Perl String Comparisons and String Replacements

Strings and String Comparisons

Be careful which operators you use! Are you assigning, or testing?

$answer = "no";
if ($answer == "yes")
{
print "Answer is Yes.\n";
}

Exercise: do test operatiors make a difference?
Test this code:

$i = 11;
if ($i == “11”) { print “Equivalent numbers.\n”; }
if ($i eq “11”) { print “Equivalent strings.\n”; }

Getting Parts of Strings: the substr() function

substr (the_string, starting_position, number_of_chars_to_get)

$x = “Medical experiments for the lot of you!”;
print substr($x, 0, 7); # “Medical”

Exercises:

Copy the two lines of code above into your working Perl file. Make sure they work.

What happens if you omit the number_of_chars_to_get? Try it, using the string above.

Select the word “experiments” using substr() and copy it into a variable.

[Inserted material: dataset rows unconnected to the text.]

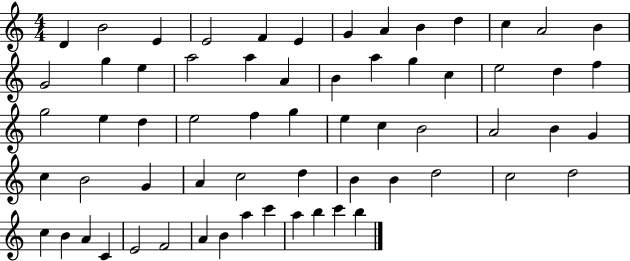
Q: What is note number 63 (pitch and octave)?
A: B5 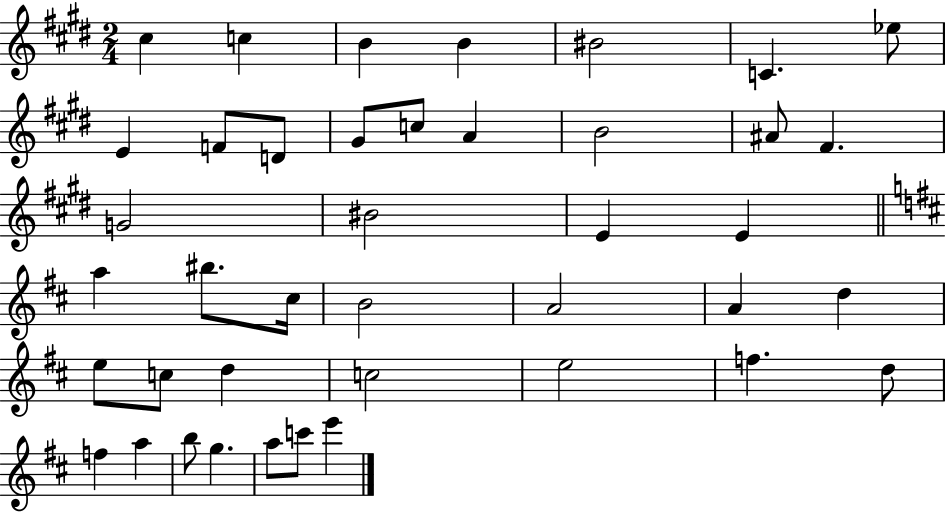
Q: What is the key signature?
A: E major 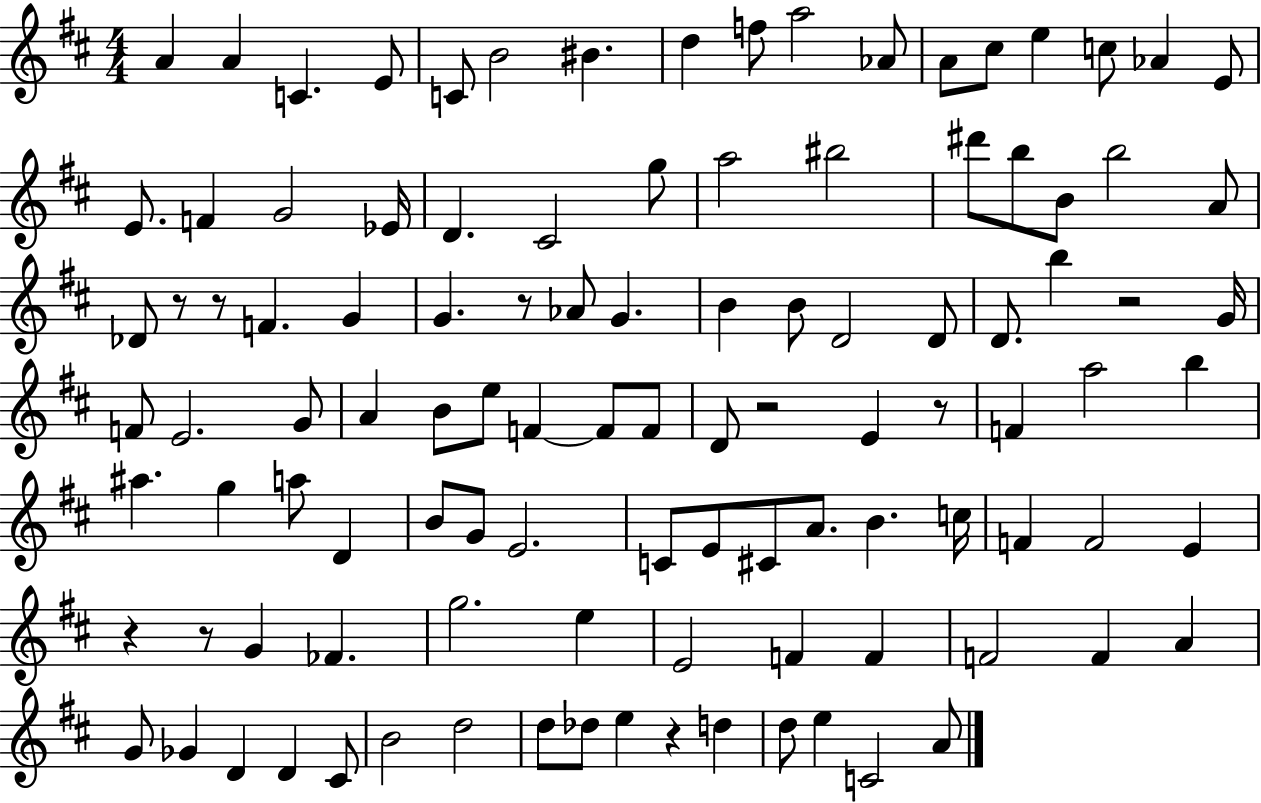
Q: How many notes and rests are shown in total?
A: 108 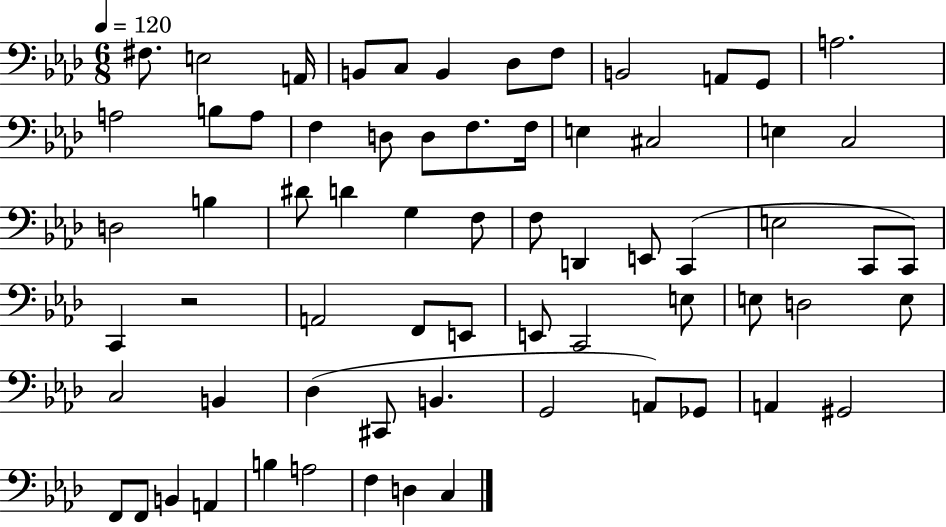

Select a substring using negative numbers to count from the right instead of the left:

$x = “Medical experiments for the lot of you!”;
print substr($x, -11, 3); # “lot”

Exercise:

Use substr() to print only the words “for the lot of you!”

Select a substring and assign a new value to it:

$x = “Program in Bash!\n”;
substr($x, 11, 4) = “Perl”; # $a is now “Program in Perl!”;
print $x;

Exercise:

Use the example above to assign the string “I’m in school to study biology” to $x, then select the word “biology” and replace it with

Splitting strings apart:

split (delimiter, the_string, [optional_max_number_of_results])

$s = “Welcome Back Kotter”;
@s = split(/ /, $s); # “Welcome” “Back” and “Kotter”

Note the use of a regular expression as the first argument.